WASHINGTON (KMOX) - Sen. Claire McCaskill (D-MO) has long thought that banning the use of electronic devices on airplanes is completely unnecessary from a safety standpoint.
Now she thinks it is time for that restriction to go.
The Missouri Democrat says this isn’t a private crusade on her part so she can check her own personal electronic device during the long flights between her home state and the nation’s capital.
“It’s more the notion that the government should never have the right to keep a rule in place that’s not based on sound scientific data,” she said.
McCaskill is challenging the Federal Aviation Administration to either drop the ban on electronic devices by the end of this year or produce a “detailed explanation” of the science behind the restriction. Thus far her efforts have fallen on deaf ears in Washington.
“The original rule was way back when somebody was using a tape recorder and there was some issue so, of course, they issued a rule. Then they updated the rule in 2006,” she explained.
The chair of the Commerce Committee says McCaskill’s objections have shaken his longtime belief that the rule was necessary but Bruce Landsberg, president of the Aircraft Owners and Pilots Association, is sounding a more cautious note.
He admits there is no solid evidence that the in-flight use of tablets or laptops have ever interfered with an airplane’s mechanics.

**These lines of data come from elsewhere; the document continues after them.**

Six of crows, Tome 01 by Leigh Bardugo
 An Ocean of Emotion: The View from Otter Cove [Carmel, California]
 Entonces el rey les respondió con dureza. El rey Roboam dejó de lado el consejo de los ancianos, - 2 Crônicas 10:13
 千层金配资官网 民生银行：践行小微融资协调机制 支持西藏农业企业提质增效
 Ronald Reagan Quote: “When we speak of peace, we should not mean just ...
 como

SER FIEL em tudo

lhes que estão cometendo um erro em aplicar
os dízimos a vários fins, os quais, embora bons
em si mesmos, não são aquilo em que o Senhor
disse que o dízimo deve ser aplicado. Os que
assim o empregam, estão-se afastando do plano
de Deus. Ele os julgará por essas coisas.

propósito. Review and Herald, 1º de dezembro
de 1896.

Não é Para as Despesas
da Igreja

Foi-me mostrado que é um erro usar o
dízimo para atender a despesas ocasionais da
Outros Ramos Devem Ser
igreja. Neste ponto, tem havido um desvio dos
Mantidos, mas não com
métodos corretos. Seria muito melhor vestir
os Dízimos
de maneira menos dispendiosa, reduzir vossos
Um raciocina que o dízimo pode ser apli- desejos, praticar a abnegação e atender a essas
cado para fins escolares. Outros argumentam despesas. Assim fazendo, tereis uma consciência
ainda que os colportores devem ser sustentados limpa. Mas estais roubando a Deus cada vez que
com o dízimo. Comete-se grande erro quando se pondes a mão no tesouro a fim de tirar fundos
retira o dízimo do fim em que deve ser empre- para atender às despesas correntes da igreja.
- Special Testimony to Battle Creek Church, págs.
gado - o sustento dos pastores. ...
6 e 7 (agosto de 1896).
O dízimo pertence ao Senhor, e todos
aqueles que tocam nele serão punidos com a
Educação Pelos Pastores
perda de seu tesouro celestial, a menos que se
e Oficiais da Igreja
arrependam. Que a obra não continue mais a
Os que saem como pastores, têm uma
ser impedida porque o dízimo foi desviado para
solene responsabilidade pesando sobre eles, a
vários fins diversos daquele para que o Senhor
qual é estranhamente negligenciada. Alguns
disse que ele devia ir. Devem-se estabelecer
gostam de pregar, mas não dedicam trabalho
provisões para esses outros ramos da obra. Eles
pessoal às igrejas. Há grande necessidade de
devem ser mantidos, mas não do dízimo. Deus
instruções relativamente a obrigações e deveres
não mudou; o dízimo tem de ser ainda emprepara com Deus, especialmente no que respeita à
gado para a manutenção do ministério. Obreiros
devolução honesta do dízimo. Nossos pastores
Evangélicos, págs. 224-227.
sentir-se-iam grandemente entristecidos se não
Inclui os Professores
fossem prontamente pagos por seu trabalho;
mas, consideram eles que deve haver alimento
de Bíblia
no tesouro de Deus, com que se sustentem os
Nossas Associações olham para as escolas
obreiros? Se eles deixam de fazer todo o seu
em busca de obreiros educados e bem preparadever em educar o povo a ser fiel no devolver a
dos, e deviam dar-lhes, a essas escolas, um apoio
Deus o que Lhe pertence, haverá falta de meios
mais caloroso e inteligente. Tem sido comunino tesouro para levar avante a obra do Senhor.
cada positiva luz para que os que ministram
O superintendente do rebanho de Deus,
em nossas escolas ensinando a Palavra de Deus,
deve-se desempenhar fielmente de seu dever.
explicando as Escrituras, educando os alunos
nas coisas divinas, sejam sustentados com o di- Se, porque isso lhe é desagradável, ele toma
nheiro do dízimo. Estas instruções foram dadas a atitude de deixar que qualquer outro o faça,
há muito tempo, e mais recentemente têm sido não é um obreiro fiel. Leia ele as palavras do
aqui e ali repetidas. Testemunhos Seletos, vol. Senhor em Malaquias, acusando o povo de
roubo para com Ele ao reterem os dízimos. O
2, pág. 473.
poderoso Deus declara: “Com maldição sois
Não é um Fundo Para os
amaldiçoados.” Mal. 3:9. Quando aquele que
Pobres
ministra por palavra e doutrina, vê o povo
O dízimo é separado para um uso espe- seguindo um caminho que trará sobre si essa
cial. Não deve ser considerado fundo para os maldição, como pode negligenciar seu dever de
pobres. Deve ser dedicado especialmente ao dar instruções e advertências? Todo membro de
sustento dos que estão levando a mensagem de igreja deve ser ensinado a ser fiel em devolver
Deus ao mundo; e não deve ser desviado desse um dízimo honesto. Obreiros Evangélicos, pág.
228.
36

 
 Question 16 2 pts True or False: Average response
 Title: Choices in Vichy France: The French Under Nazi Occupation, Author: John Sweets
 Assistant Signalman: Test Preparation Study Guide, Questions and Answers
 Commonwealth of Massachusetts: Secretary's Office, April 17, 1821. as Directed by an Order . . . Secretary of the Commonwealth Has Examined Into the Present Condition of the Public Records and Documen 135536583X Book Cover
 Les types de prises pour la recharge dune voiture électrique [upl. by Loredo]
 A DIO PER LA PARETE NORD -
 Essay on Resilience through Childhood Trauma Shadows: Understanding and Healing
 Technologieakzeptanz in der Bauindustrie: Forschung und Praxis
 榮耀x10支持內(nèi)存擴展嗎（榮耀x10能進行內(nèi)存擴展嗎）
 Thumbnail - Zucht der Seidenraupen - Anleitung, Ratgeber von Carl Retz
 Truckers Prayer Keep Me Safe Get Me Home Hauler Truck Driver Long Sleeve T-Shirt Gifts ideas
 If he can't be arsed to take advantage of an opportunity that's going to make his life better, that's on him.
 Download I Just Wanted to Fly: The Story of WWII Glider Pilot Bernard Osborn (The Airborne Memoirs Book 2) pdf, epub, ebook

“That said, cell phones, on occasion, can cause a problem,” he said. “I had a situation where my cell phone just being on was interfering with my ability to communication with the air traffic control on the ground.”
When he turned off the cell phone, Landsberg said, the interference went away.
“It seems like there would be ample opportunity without a great deal of expense to test this concept and be prepared to reverse it,” Landsberg said.